È sempre stata multitasking?

«Essere multitasking mi ha salvato la vita, conosco il successo, la sua natura, ma non mi interessa».

Ha mai cercato di incorporare nella sua arte le radici messicane paterne, radici che da ragazza, rivela, erano causa di «un complesso di inferiorità»?

«Non quanto avrei dovuto. Ho certamente incorporato le radici scozzesi di mia madre. Tutte le mie prime canzoni erano ballate. Solo molto dopo ho inciso un album in spagnolo, ma fu una scelta politica, determinata dal colpo di Stato in Cile. Scrivere canzoni nella lingua del popolo cileno è stata la mia reazione».

Nel film parla apertamente di tutto, amori compresi. A che punto è?

(ride) «Quando mi sono sposata volevo essere la moglie perfetta. Mi immaginavo preparare la zuppa circondata da un sacco di bambini. Ma era una fantasia, perché la vita che facevo rendeva tutto impossibile. Dopo anni e molto lavoro su di me ho capito che non desidero trovare qualcuno. Sono felice come sto adesso».

La musica può ancora essere decisiva per il cambiamento sociale?

«Non ho mai smesso di crederci e ho sempre lavorato perché fosse così. Ma ho anche avuto la fortuna, di non prendermi troppo sul serio. È anche capitato che il gruppo mi dimenticasse, che il bus del tour partisse senza di me per uno dei miei concerti più importanti! Quando ho rivisto la scena nel film ho riso fino alle lacrime. Ma da allora è cambiato tutto: ora la difficoltà è trovare la piattaforma giusta per produrre vero cambiamento. Mia nipote, 19 anni, è musicista e studia i meccanismi della produzione a Miami. Mi ha detto: “Sto per pubblicare il mio primo singolo”. E io: “Ma come fai? Chi te lo produce?”. Lei: “È già su Spotify”. Lei sa che i consigli di sua nonna in questo campo ormai sono inutili».

Ascolta sempre musica?

«Un tempo ero una terribile snob. Pensavo che una vera canzone popolare fosse tale solo se ti era stata tramandata da tuo nonno. Ora ascolto i Gipsy King, l’opera, il pop arabo e alcuni dischi di musica classica che mi ha lasciato mia madre».

Nel film ammette, e noi confermiamo: «Sono in forma per la mia età».

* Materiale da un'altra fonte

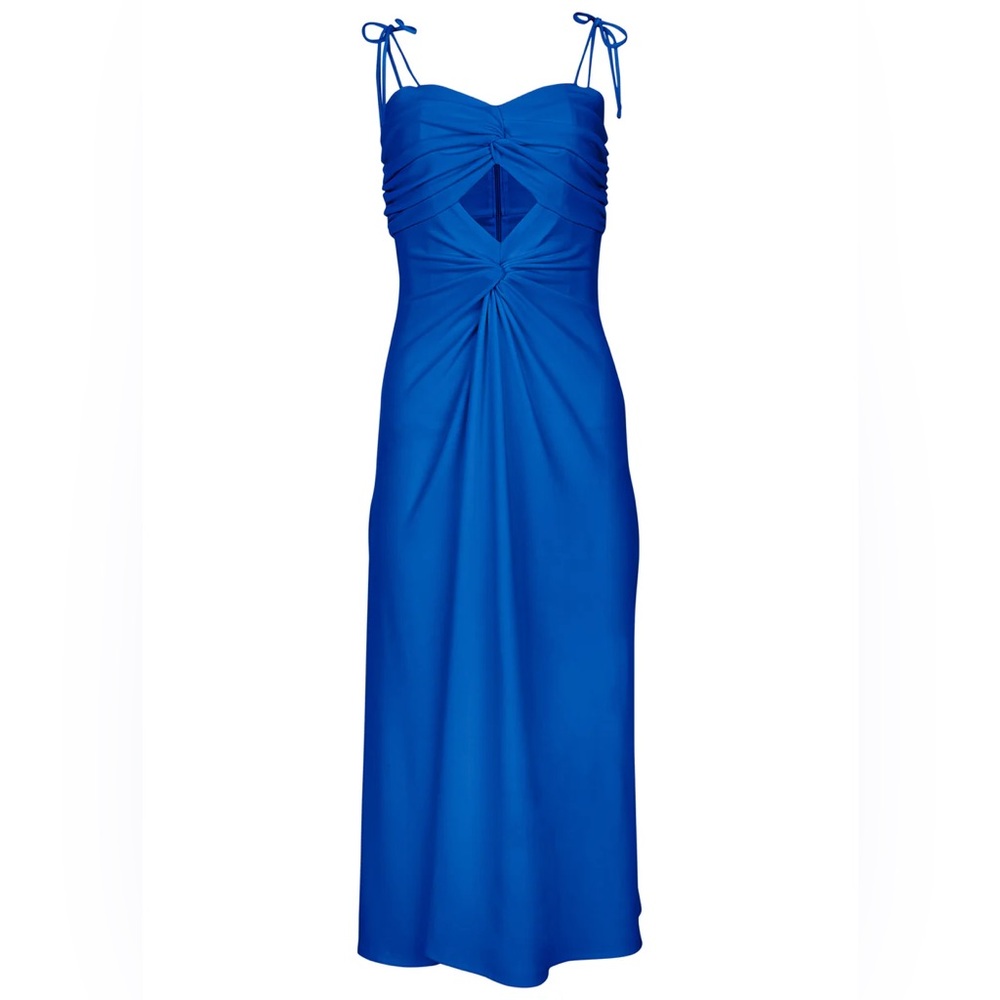NWT Venus Blue Ruched Cutout Tie Strap Midi Dress Size Small - Picture 4 of 7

«Mia madre aveva buone ossa, mio padre una bella pelle. E non mi sono mai drogata seriamente. Ho usato Quaalude (farmaco con azione sedativa e ipnotica, molto popolare negli anni Settanta, ndr) per un periodo, ma non ho mai preso la roba tosta. E poi, mi hanno fatto notare, che nei filmati d’archivio avevo sempre una mela in mano».